La macchina delle promesse d’autunno si è messa in moto ieri sera a Porta a Porta: ospite e unico protagonista il premier Matteo Renzi, rinvigorito dalle difficoltà dei Cinquestelle per la vicenda Raggi e pronto a mettere a frutto le possibilità offerte dalla legge di Bilancio. Che improvvisamente diventa “sociale”, perché il presidente del consiglio indica quattro pilastri finora piuttosto bistrattati: «Pensioni minime, anticipo pensionistico, intervento per le partite Iva e salari dei dipendenti pubblici». Allo stesso tempo, Renzi annuncia che la data del referendum costituzionale verrà fissata «entro il 25 settembre», e che cadrà «tra il 15 novembre e il 5 dicembre» (quindi domenica 20 o 27 novembre, o 4 dicembre). Risolvere davvero quei 4 nodi – ma servono molti miliardi – sarebbe un ottimo viatico per il Sì.

Rimanendo sul referendum, si deve citare un altro passaggio, dove il premier ha spiegato che sulle dimissioni nel caso di vittoria del «No» «non ci ho ripensato.

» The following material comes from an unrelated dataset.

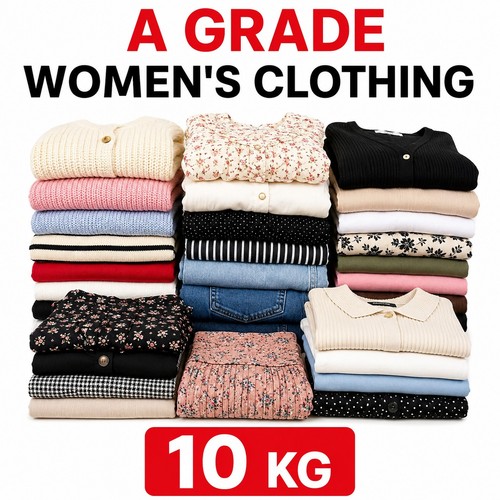 10kg mixed clothing bundle - mixed,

Ma siccome in tanti mi hanno detto che non dovevo personalizzare il referendum, ho detto solo che non parlo più del mio futuro». Fuori dal politichese: se vince il No mi dimetto, ma adesso non parliamo di me.

Referendum e legge di Bilancio interessano tutti i cittadini, ma certamente l’incrocio è particolarmente significativo per la Cgil e i suoi 5,6 milioni di iscritti: oggi e domani, in una Assemblea generale a Roma con 350 delegati, il sindacato guidato da Susanna Camusso ufficializzerà il suo no alla riforma voluta da Renzi, già espresso in un documento molto critico approvato dal Direttivo in maggio.

Il no della Cgil è molto serio nei contenuti: il documento di maggio, in sole due paginette, spiega perché la riforma metta a rischio gli equilibri democratici e la stessa centralità del Parlamento e degli organi di garanzia, a favore del partito che ha la maggioranza di governo. Detto questo, però, e non scopriamo l’acqua calda, la Cgil non ha mai reciso il suo legame con il Pd – o comunque non lo hanno fatto tanti suoi dirigenti – nonostante gli screzi e gli scontri con Renzi. Se in maggio non si è voluto dare un No esplicito, e se oggi è inevitabile pronunciarsi visto che ad esempio già Cisl e Confindustria lo hanno fatto, dall’altro lato il sindacato non entrerà in nessun comitato, insomma non farà campagna.

Un modo per riavvicinarsi al premier, riannodare i rapporti soprattutto quando in ballo ci sono i 4 pilastri sociali citati proprio ieri sera da Vespa? Si vedrà, perché l’elaborazione della legge di Bilancio è lunga e sempre complicata, quindi le famose 4 voci potrebbero anche sparire con l’emendamento di una notte, o magari venire soddisfatte solo di facciata: un esempio per tutti, il contratto del pubblico impiego. Per rispondere realmente alle richieste del sindacato ci vorrebbero almeno 7 miliardi di euro (calcolo Uil), la passata legge di Stabilità aveva stanziato solo 300 milioni: tutti ci auguriamo che l’enorme gap venga colmato, ma la riteniamo una mission impossible.

Sulle pensioni, essendo un capitolo che costa meno, forse ci sono maggiori speranze: ieri Renzi ha voluto insistere sulle fasce più sfavorite e sui costi in caso di uscita anticipata, che addirittura – parole sue – sono diventati «un’inezia». «Metteremo più denari in tasca a chi di pensione prende poco poco». Sarà «una sorta di quattordicesima», come quella già istituita «dal governo Prodi per chi prende meno di 750 euro al mese».

E poi «tutti quelli che sono arrivati a tre anni prima della pensione o attraverso anticipo pensionistico che costi un’inezia o con accordi privati potranno andare in pensione anticipata«,
Infine l’attacco ai Cinquestelle: «Scene tristi, indecorose per tutti – ha detto il premier parlando del caso romano – Mai viste tante bugie tutte insieme, ma da italiano e da presidente del consiglio sono dispiaciuto, non compro i pop corn e non festeggio. E sono dispiaciuto che se Roma non si smuove perde la gigantesca opportunità per la città delle Olimpiadi».